Ohio University’s Muslim Student Association hosted MSA Night to entertain as well as educate students and Athens residents alike about Islam and the multitude of different cultures that practice it.
The night began with Quran recitations that reverberated throughout Baker Ballroom. The hastiness of the newly arrived audience quickly dissipated as symphonic verses followed. The evening was filled with speeches from OU faculty members, as well as Athens Mayor Steve Patterson.
Sally Gainey, a freshman studying integrated media who attended the event for the first time, said the raving testimonies of her friends who had attended the event last spring compelled her to see it for herself.
The corridor in front of Baker Ballroom was decked with delicacies from Ali Baba’s, which ranged from warm pita bread and hummus to tabbouleh, a Levantine salad.
Every table had a leaflet with a popular Islamic monument printed on it. The tables were dressed in white, a stark contrast to the technicolor bedouin tent that sat on the far left corner of the ballroom. The tent was draped in plush fabric and decorated with bolsters and platters of dried fruits and nuts.
The ambience was reminiscent of Middle Eastern and African cultures fashioned to transport the people to these regions, Safiya Ahmed, a doctoral student studying civil engineering, said.
“The tent is originally from Khalij countries, like Saudi Arabia, Jordan, Palestine, also Yemen,” Ahmed said. “The idea is for people to just take pictures and chill and try the traditional coffee (and) dates.”
The rack of traditional clothing next to the tent gave an opportunity to visitors to try on the clothes and take pictures. Ahmed said these tangible experiences helps educate people about Islam.
The hosts engaged the audience by introducing a scavenger hunt, which led people from different tables to interact with each other.

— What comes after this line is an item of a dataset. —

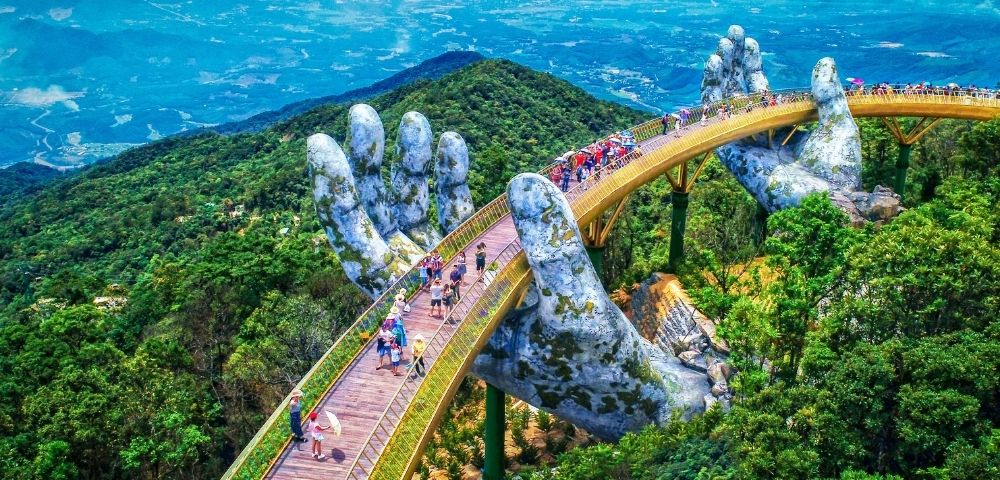 A golden bridge supported by two giant, moss-covered stone hands, curving over a lush, green mountainous landscape with a hazy blue sky in the distance. Many people walk along the bridge's pathways.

Amira, who is also a doctoral student studying teacher education, said one of MSA’s main goals for the event was to engage the audience in social media to maximize outreach.
“Everybody is using social media to reach out to their friends and communities,” Amira said. “So, when other people see your account and they see a glimpse or a photo (of the event), they’ll be curious and it will drive them to ask questions.”

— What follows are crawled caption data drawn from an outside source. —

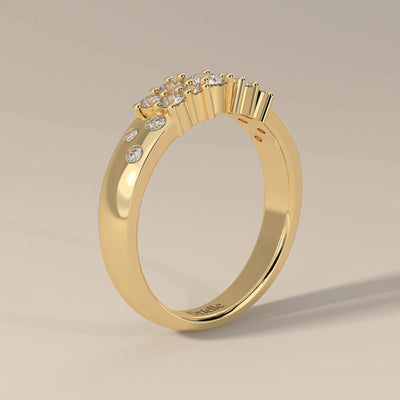 Round cut moissanite band with side stones in yellow gold
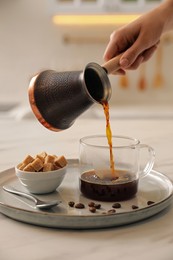 Woman pouring coffee from turkish pot into glass cup at white table, closeup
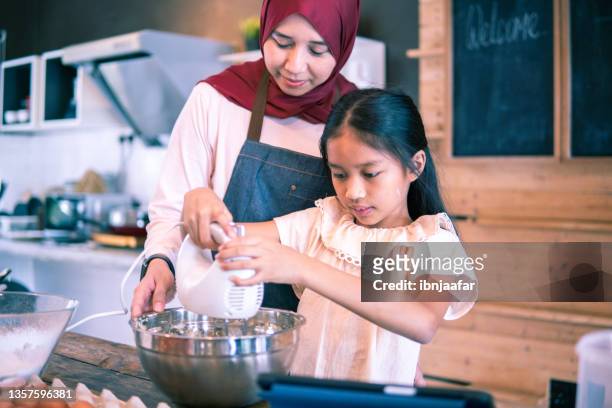 cute child with mother using mixer machine - mixer stock pictures, royalty-free photos & images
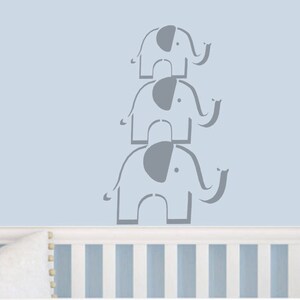 May include: Three gray elephant silhouettes stacked on top of each other on a light blue wall. The elephants are facing right and have their trunks raised.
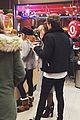 louis tomlinson danielle campbell hold hands chicago 01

The association introduced the event last Spring Semester with the aim to make Islam more accessible to the students of Ohio University.

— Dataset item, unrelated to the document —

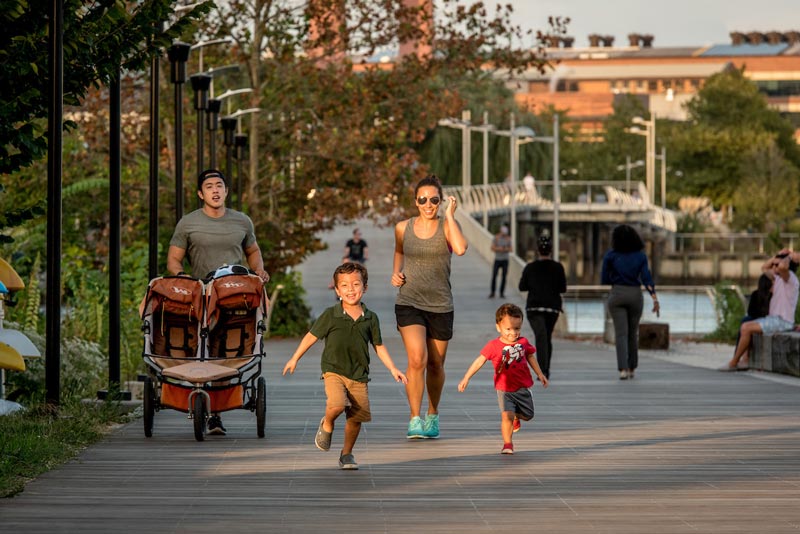 Famiglia che corre lungo Anacostia Riverwalk Trail - Esercizio all'aperto e sentieri a Washington, DC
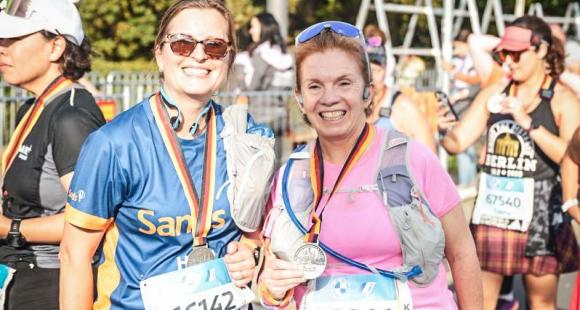 Two women runners smiling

Zamzam Jama, a graduate teaching assistant in the school of communication studies, said the overarching theme of connectivity throughout the event made it a unique experience as it drew people closer to understanding not only Islam but also each other.
The interactive element helps illuminate volatile issues, such as those relating to Islam. Jama stressed the importance of visible action when dealing with such issues.
“Presence is powerful just as absence is powerful,” Jama said.